The yellow dingle dangle thingy is something Tony made. As we ride, it flies around, hopefully grabbing the attention of drivers behind us.
I also have a Garmin radar on the back of my bag. It picks up cars a fair distance back, and alerts me with a loud beep, that also shows up on my bike computer.
I like the photo below in this village. I suspect that the Tour de France has been through previously. Note the markings on the road with the bike symbol. Bike riders are treated with heaps of respect in France. They are well catered for. Many people ride. It is great to see so many older men and women on their bikes, baguettes in the front basket.
A nice church we passed in a busy town. We got caught at red lights, out came the camera.
We rode through the village of Perrecy-les-Forges and found a nice place to stop, that just happened to have a boulangerie over the road. Salad bagel with chicken for lunch.
It is pretty great when you take a photo and the name of the town is in the photo!
Riding wise, we did get a little wet but not for long. There were two heavy showers that passed and the rain jackets came off.
We had our first dose of hills today too, more so in the second half of the ride. According to our Hammerhead Karoo bike computer, the longest was a 1.6 km climb at 3.8%. There were quite a few shorter steeper pinches but it kept us honest and added variety.
We need a few of these kind of days to get ready for the latter part of our odyssey where there will be plenty of hills.
After 115 km we arrived in Bourbon Lancy, a town with a medieval centre and history, as well as famous for its thermal spa.
We are staying a few km out from centre ville, adjacent to a lake. Bourbon Lancy is adjacent to the Loire, but we arrived in from the opposite side, so that we will note tomorrow.

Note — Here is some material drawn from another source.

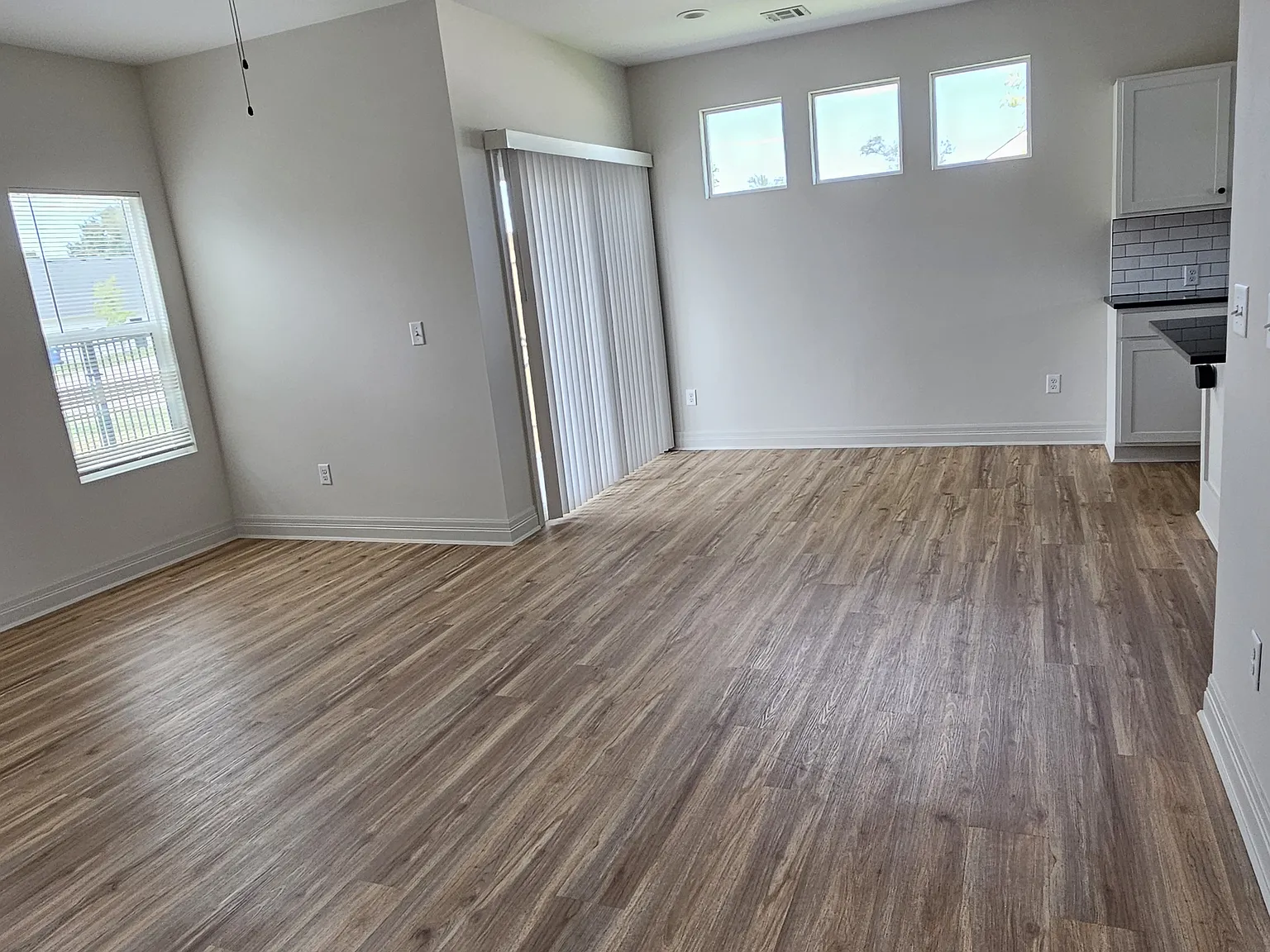 1812 East Village Estates Drive - 1 — Photo 2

On the map above you can see the river mapped below our finish (the black and white circle).
Question of the day – is from Alain, a Zwift pal who joins my Brekky and Brunch rides that I lead. He asked about the bike storage, how do I organise it.
The answer….a lot of research and communication. Once I complete mapping an overall trip concept, I then break it down into day by day maps, looking at where accomodation is available in towns that generally hold some interest.

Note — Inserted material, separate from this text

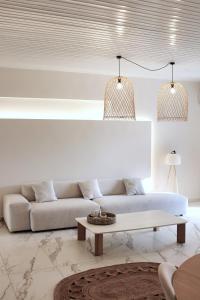 Nontas Luxury Home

I then look at various reviews, seeing if mention has been made of bike storage.
I make a booking, but I also write to each place advising that we will have two bicycles that need to be stored safely, and to please advise if this is an issue.
So far this trip, each place has had a specific locked area for bikes.
Other trips, I have been in charge of the debating team in a country where the language is other than my own. Generally, they either have somewhere or allow them in your room. I have never lost a debate.
I had one great discussion in Salzburg where the guy said to put them in their garage ( that was open 24/7), and that no one had stolen his bike. How much is your bike worth I ask? Very proudly, he said….250 euro. I cough, then I tell him what ours are worth…..he then says ‘would you like to take them to your room?😊
In areas where there are ski resorts, they use the ski room that is not in use. Others luggage rooms, or locked storage areas.
Ok folks, that’s it. I need some sleep as breakfast is at….wait for it….6 am! We also have a longer day ride tomorrow.